--- Provided entries ---
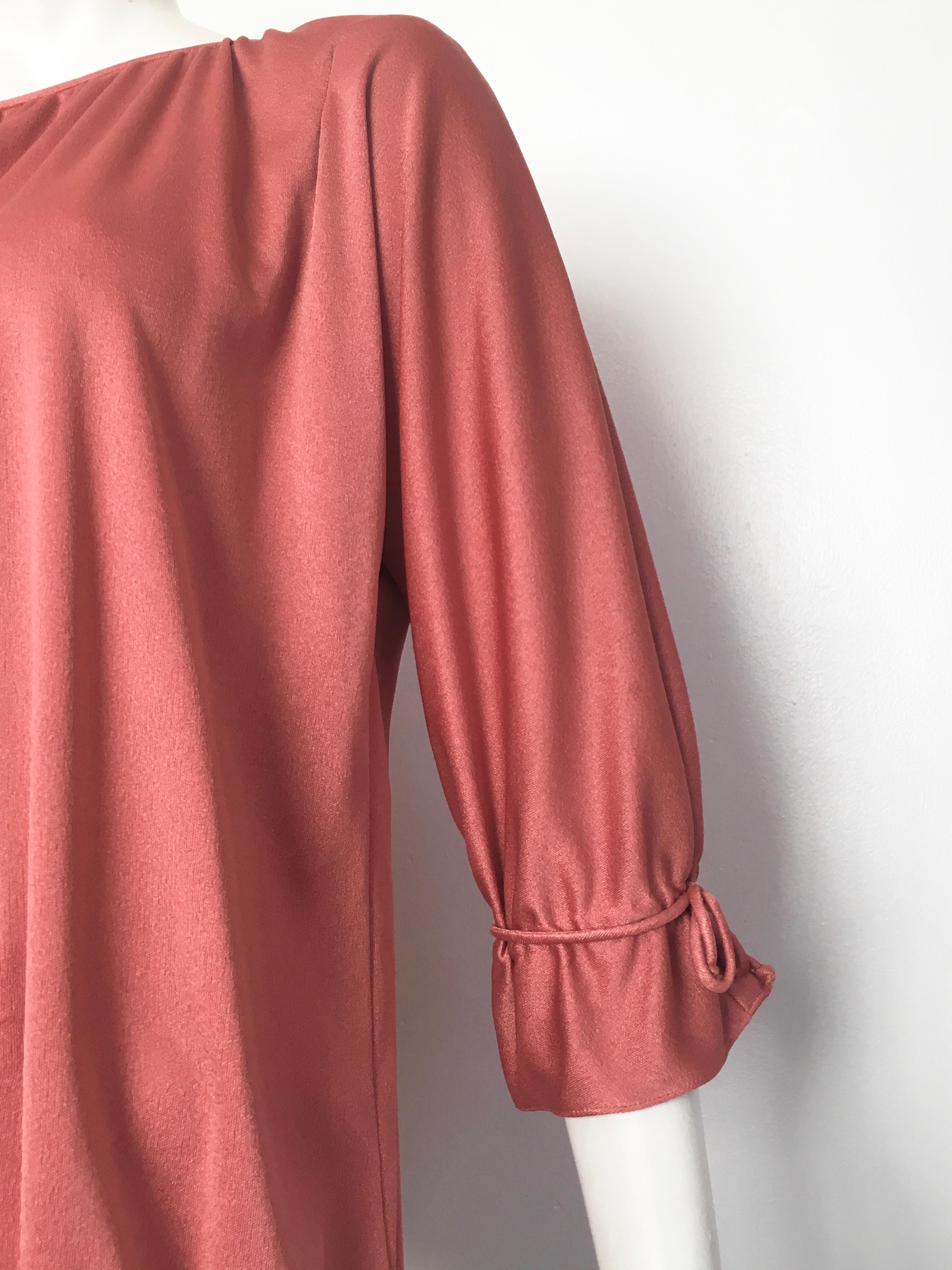 Pink Teal-Mignon by Teal Traina 1970s Rose Jersey Blouse Size Large. For Sale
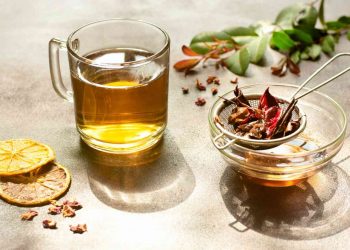 Warm herbal tea with dried citrus slices and spice strainer.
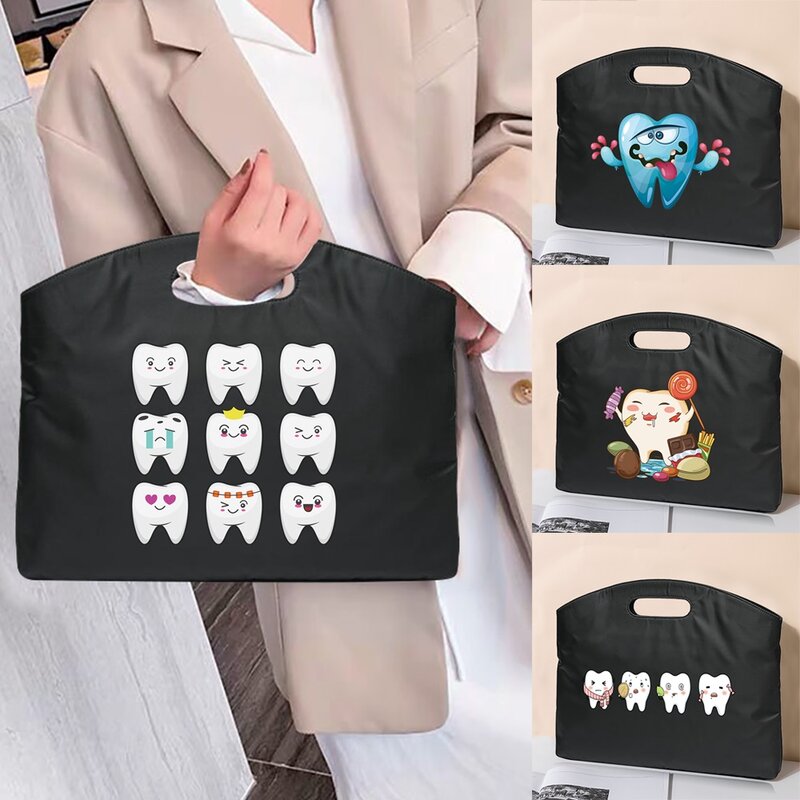 Business Briefcase Teeth Pattern Printed Laptop Office Totes Case Sleeve Organizer Top-Handle Bag Conference Document Handbag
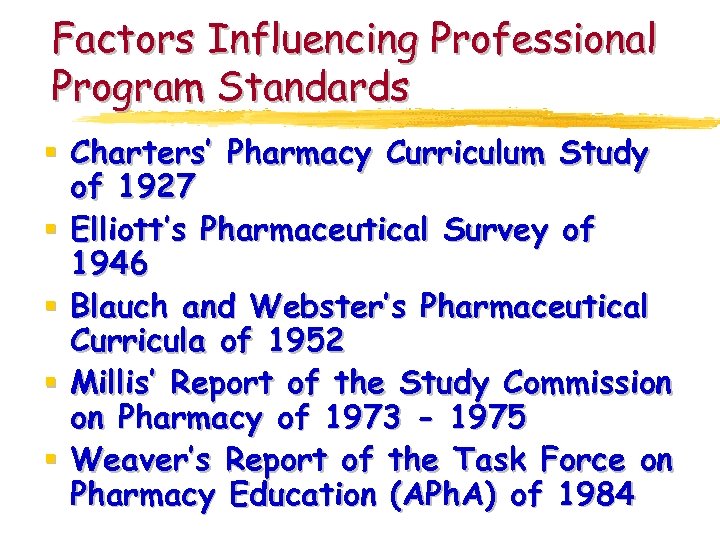 Factors Influencing Professional Program Standards § Charters’ Pharmacy Curriculum Study of 1927 § Elliott’s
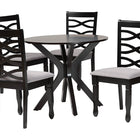Baxton Studio Mila Modern Grey Fabric and Dark Brown Finished Wood 5-Piece Dining Set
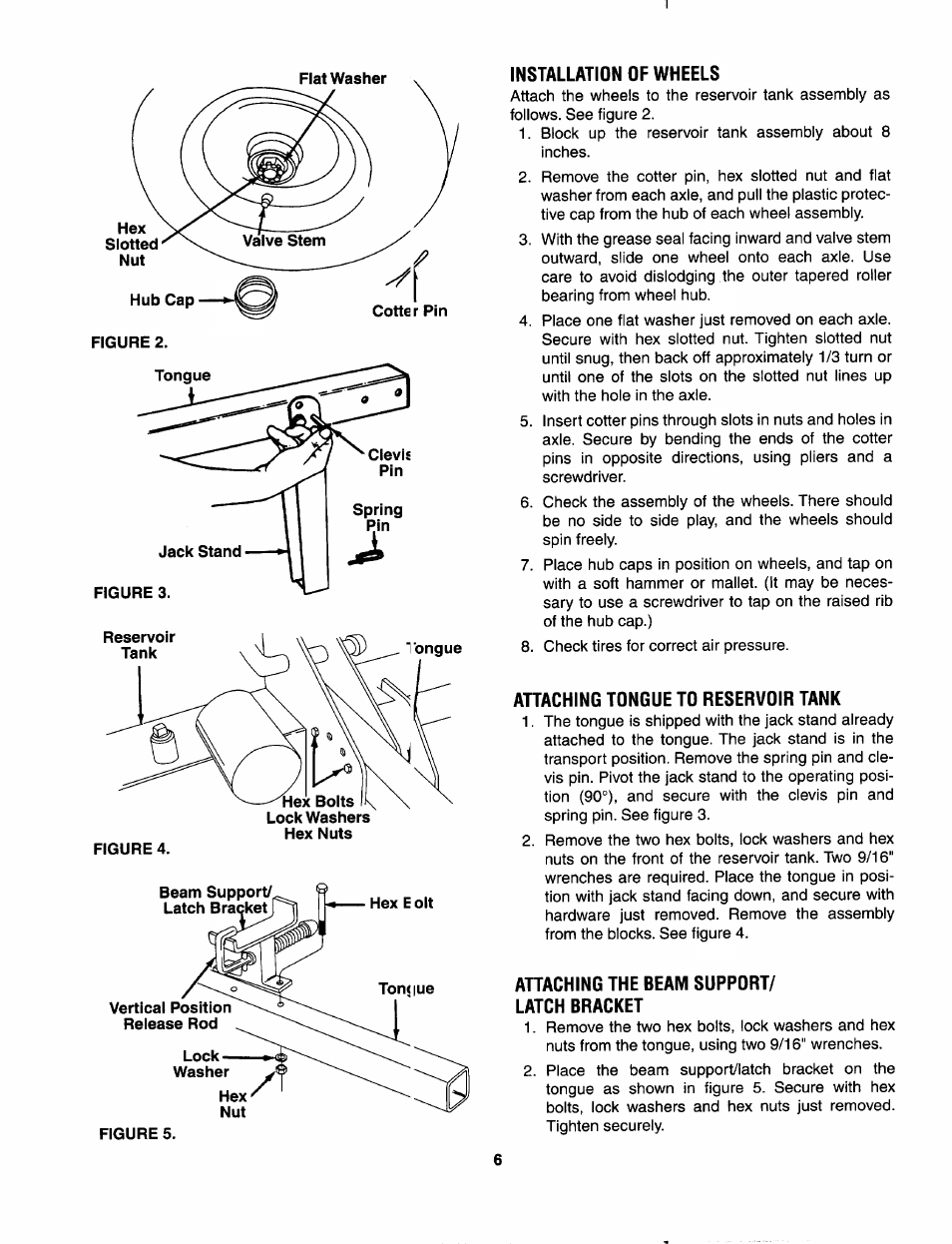 Installation of wheels, Attaching tongue to reservoir tank, Attaching the beam support | Latch bracket | MTD 556 User Manual | Page 6 / 20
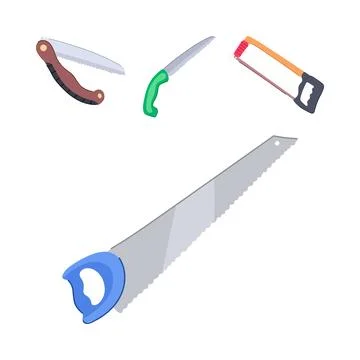 Hand saws collection for construction and woodworking tasks Illustration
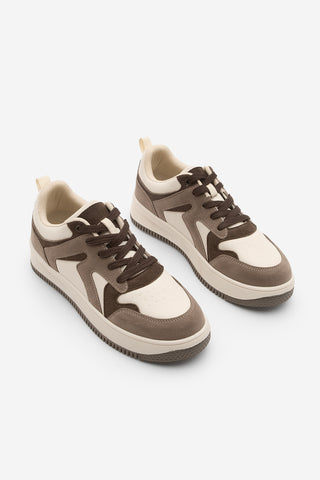 Kadın Sneaker Kalın Taban Spor Ayakkabı Aryan - Vizon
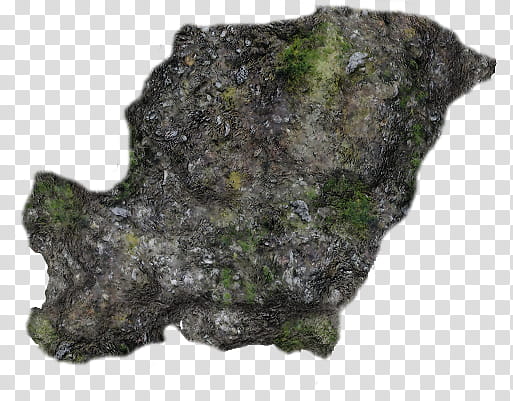 Mossy Cliffs, black and green stone fragment transparent background PNG clipart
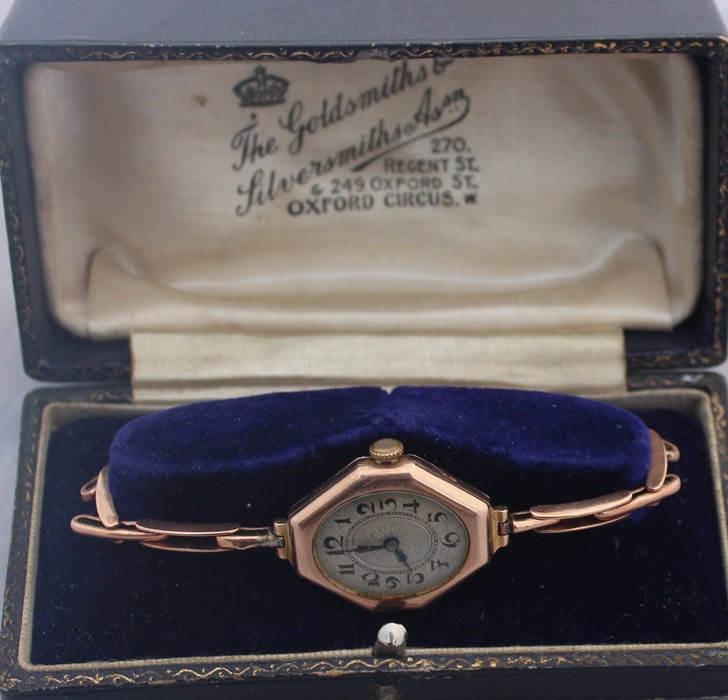 A 9ct. rose gold ladies' bracelet watch, c.1920's, manual movement, having oval Arabic numeral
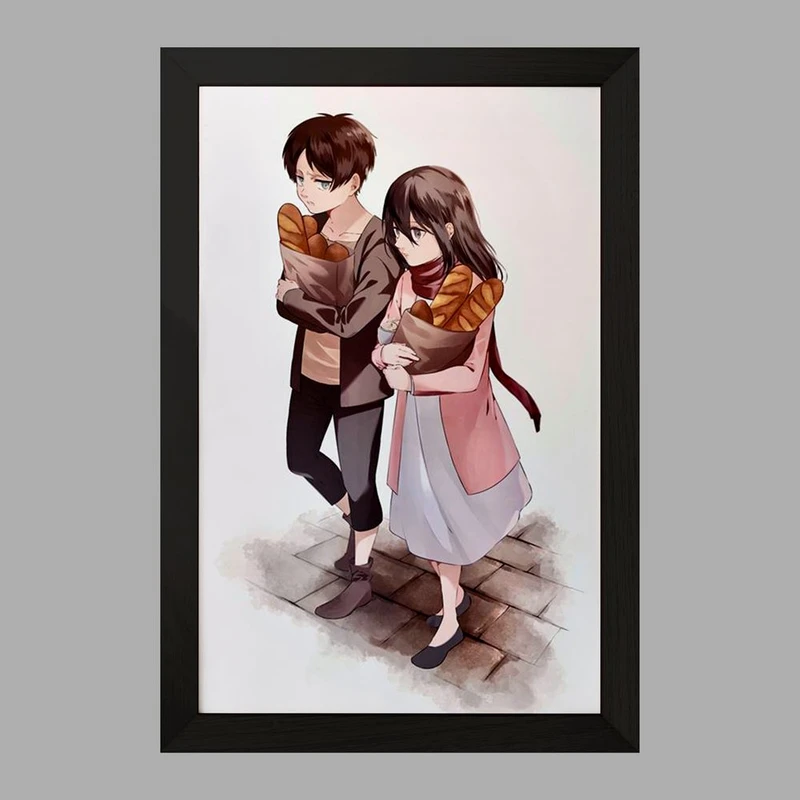 تابلو خندالو مدل ارن و میکاسا انیمه اتک آن تایتان Attack on Titan  کد 18583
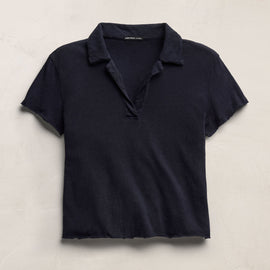 Slub Jersey Open Polo in Classic Navy | James Perse Los Angeles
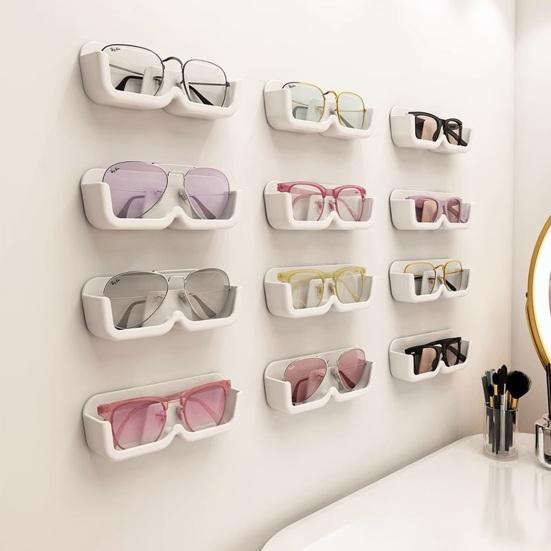 Glasses Storage Box Wall-Mounted No Drilling Design Space Saving Glasses Organizer for Myopia Glasses Sunglasses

--- The problem ---
Your answer must be an exact copy of the lines from the start of the entries through the line with "A 9ct. rose", with no pictures.

--- Problem solution ---
 Pink Teal-Mignon by Teal Traina 1970s Rose Jersey Blouse Size Large. For Sale
 Warm herbal tea with dried citrus slices and spice strainer.
 Business Briefcase Teeth Pattern Printed Laptop Office Totes Case Sleeve Organizer Top-Handle Bag Conference Document Handbag
 Factors Influencing Professional Program Standards § Charters’ Pharmacy Curriculum Study of 1927 § Elliott’s
Baxton Studio Mila Modern Grey Fabric and Dark Brown Finished Wood 5-Piece Dining Set
 Installation of wheels, Attaching tongue to reservoir tank, Attaching the beam support | Latch bracket | MTD 556 User Manual | Page 6 / 20
 Hand saws collection for construction and woodworking tasks Illustration
 Kadın Sneaker Kalın Taban Spor Ayakkabı Aryan - Vizon
 Mossy Cliffs, black and green stone fragment transparent background PNG clipart
 A 9ct. rose gold ladies' bracelet watch, c.1920's, manual movement, having oval Arabic numeral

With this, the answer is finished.